By United with Israel and JNS
French police have opened an investigation after death threats were received by three Israeli athletes participating in the 2024 Paris Olympic Games, the Paris prosecutor’s office said according to Reuters.
Officers are also investigating the release of athletes’ personal data on social networks on Friday and seeking to have it removed, prosecutors said according to the report.
On Sunday, Le Parisien reported that French authorities had arrested a 15-year-old on suspicion of threatening Israeli President Isaac Herzog online.
The suspect—identified as a resident of the Ivry-sur-Seine on Paris’s southern outskirts who lived with his parents—had anonymously called for a terrorist attack on the Israeli head of state, according to the report.
The teenager was apprehended by police officers on Saturday while on a family vacation in the Alpine region of Isère, the newspaper reported.

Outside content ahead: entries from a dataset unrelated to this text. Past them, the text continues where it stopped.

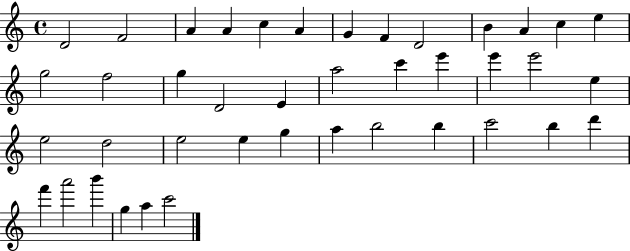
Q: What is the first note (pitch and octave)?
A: D4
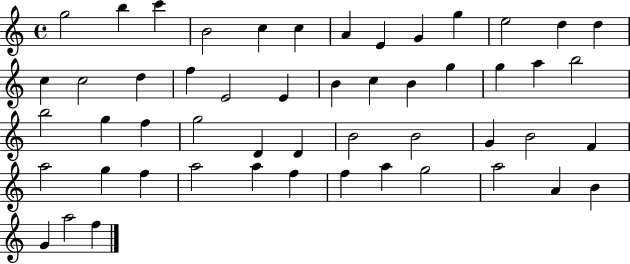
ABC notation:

X:1
T:Untitled
M:4/4
L:1/4
K:C
g2 b c' B2 c c A E G g e2 d d c c2 d f E2 E B c B g g a b2 b2 g f g2 D D B2 B2 G B2 F a2 g f a2 a f f a g2 a2 A B G a2 f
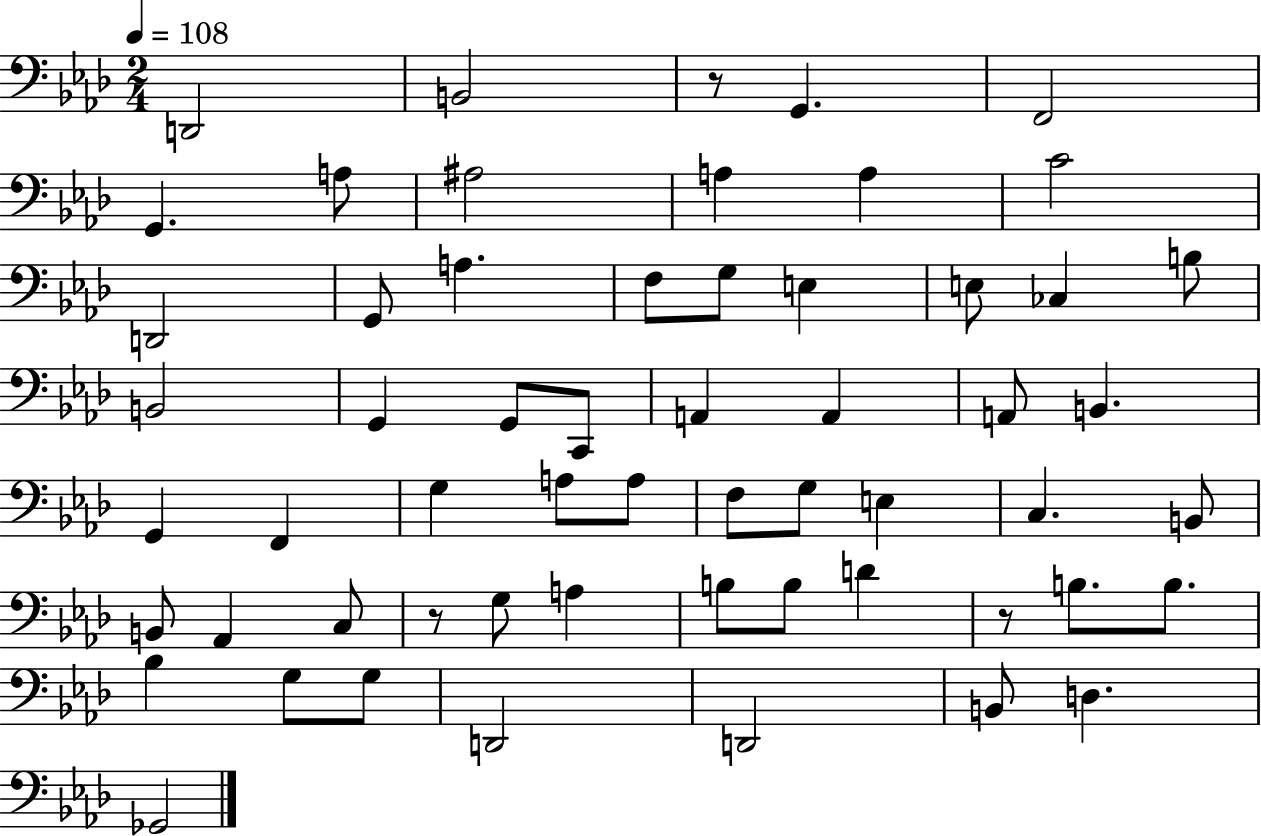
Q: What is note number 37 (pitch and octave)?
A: B2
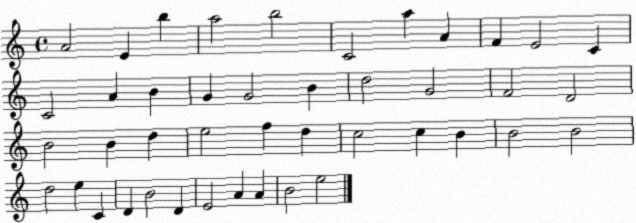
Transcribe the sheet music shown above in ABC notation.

X:1
T:Untitled
M:4/4
L:1/4
K:C
A2 E b a2 b2 C2 a A F E2 C C2 A B G G2 B d2 G2 F2 D2 B2 B d e2 f d c2 c B B2 B2 d2 e C D B2 D E2 A A B2 e2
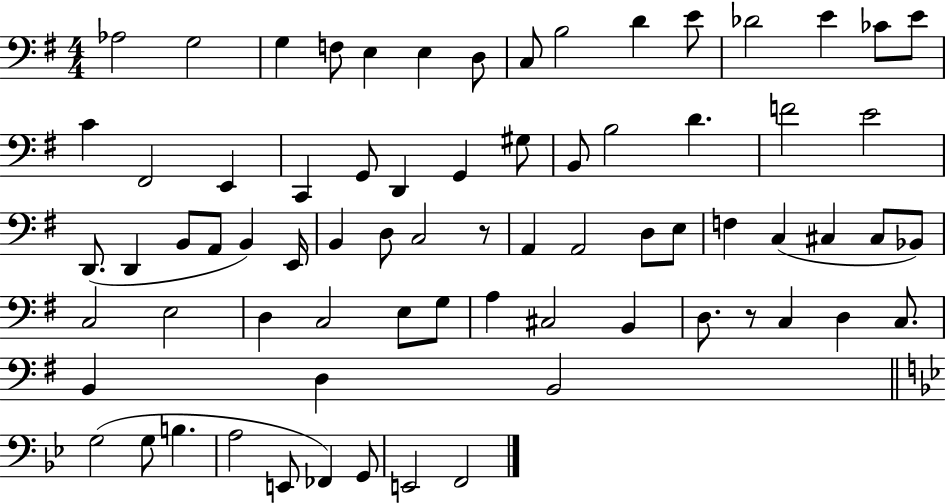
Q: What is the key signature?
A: G major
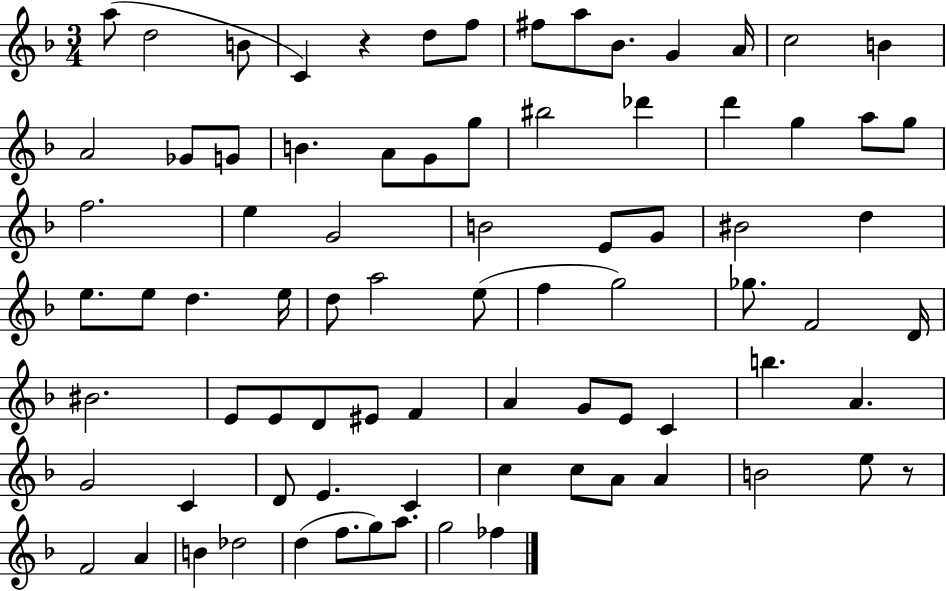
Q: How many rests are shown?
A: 2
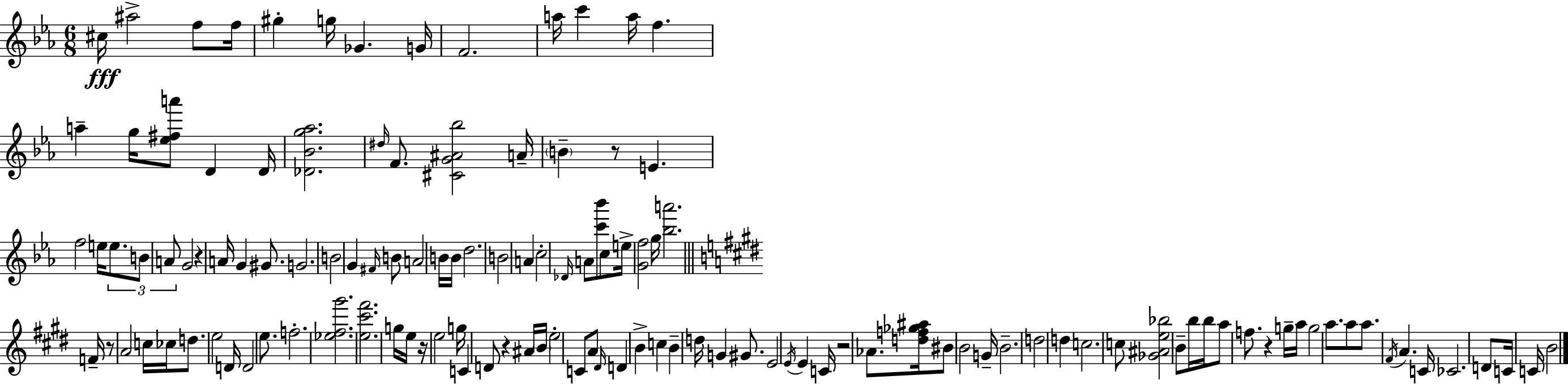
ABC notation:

X:1
T:Untitled
M:6/8
L:1/4
K:Eb
^c/4 ^a2 f/2 f/4 ^g g/4 _G G/4 F2 a/4 c' a/4 f a g/4 [_e^fa']/2 D D/4 [_D_Bg_a]2 ^d/4 F/2 [^CG^A_b]2 A/4 B z/2 E f2 e/4 e/2 B/2 A/2 G2 z A/4 G ^G/2 G2 B2 G ^F/4 B/2 A2 B/4 B/4 d2 B2 A c2 _D/4 A/2 [c'_b']/2 c/2 e/4 [Gf]2 g/4 [_ba']2 F/4 z/2 A2 c/4 _c/4 d/2 e2 D/4 D2 e/2 f2 [_e^f^g']2 [e^c'^f']2 g/4 e/4 z/4 e2 g/4 C D/2 z ^A/4 B/4 e2 C/2 A/2 ^D/4 D B c B d/4 G ^G/2 E2 E/4 E C/4 z2 _A/2 [df_g^a]/4 ^B/2 B2 G/4 B2 d2 d c2 c/2 [_G^Ae_b]2 B/2 b/4 b/4 a/2 f/2 z g/4 a/4 g2 a/2 a/2 a/2 ^F/4 A C/4 _C2 D/2 C/4 C/4 B2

In light of his clean criminal record, the suspect will be ordered to undergo a mandatory “citizenship course,” prosecutors said.
This course, which can last up to one month, aims to remind attendees of the “Republican values of tolerance and respect for the dignity of the human being and to make them aware of their criminal and civil liability, together with the duties that stem from life in society.”
Israel’s National Cyber Directorate said on Thursday it had concluded that Iranian hackers were creating social media channels to publish personal information about the Israeli athletes and send them threatening messages.
On the same day, Israeli Foreign Minister Israel Katz warned the French foreign minister of a potential Iranian-backed plot to target Israeli athletes and tourists during the Olympics.
Israel’s National Security Council has warned citizens planning to attend the Olympic Games (July 26-Aug. 11) and Paralympic Games (Aug. 28-Sept. 8) to avoid “areas of friction” to protect their safety.
“International events like these tend to be desirable targets for threats and attacks by terrorist groups, given the considerable media attention that a ‘successful’ terrorist attack at an Olympic event would receive,” the National Security Council said in a statement issued on Wednesday.